The ability to use an iPhone has nothing to do with knowing how to create a data-map, a deep understanding of PST files, using hash values to locate duplicate files, an understanding of metadata and forensics, or the hundreds of other things an attorney may run into in the course of an eDiscovery project.

I still hold that as absolute truth, however a recent post over at Ernie the Attorney, The Young Turks of Information Processing has made me reevaluate how I view this younger generation of attorneys, to some degree. As Ernie says:

Most lawyers have trouble with email (and digital information in general) because they don’t understand how to navigate that world. Lawyers who don’t search for things on Internet are the worst. They lack a fundamental skill that’s needed to efficiently attack digital information. Naturally they’re inept when it comes to handling electronic discovery. Some of them are committing serious malpractice. But, of course, they have no idea.

The next generation of lawyers will not have this problem, or at least it won’t be a prevalent problem like it is today. The young turks coming out of law school today don’t have a passive relationship to information. They attack digital information the way sharks attack wounded seals.

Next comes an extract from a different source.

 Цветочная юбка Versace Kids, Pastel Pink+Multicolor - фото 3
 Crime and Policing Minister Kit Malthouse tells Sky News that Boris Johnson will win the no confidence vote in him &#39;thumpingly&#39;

I actually agree with this. People who are well versed in using web-based tools to find, keep, and share information are going to be much better-placed to work with the review portion of electronic discovery than attorneys who struggle to do anything more than read email. As an interesting aside, for all of the bad press keyword searching gets in the ediscovery world (and rightly so to some degree), I can’t help but wonder if it would actually prove to be much more accurate were the searches being done by folks who have spent years perfecting the use of Google and learned about how to track down the words others would use in a given situation, as opposed to attorneys who have never taken the time to grow past that “passive relationship to information”. When confronted with GB’s of email and the need to find relevant information, passive is not the efficient way to go.

Aside from that, I will also briefly mention one other area where folks who are comfortable with technology and do not view information passively will have a huge advantage is in using technology in the court room. They may not consciously be aware of this advantage yet, but the reality is that more and more as the population grows comfortable with processing information in these new ways, they will expect to be given more than just oral testimony from witnesses. Having attorneys who understand that, and are willing to present information in different ways, will fit in with the types of people you’ll see on juries. Heck, I’m not even that young and I can tell you that I don’t want to just hear about what’s in a contract, I want to see it for myself. I want you to highlight and draw my attention to exactly what I should be looking at in this document, not listening to someone else read it. I want to see someone who gave a statement or deposition, to see how they said what they said, instead of reading it from a transcript. Many jurors younger than me want even more. Attorneys who can only process information passively are not going to be able to fill that desire. They don’t understand it.

What do you think? Are there other areas where only having a passive relationship to information is going to hurt lawyers?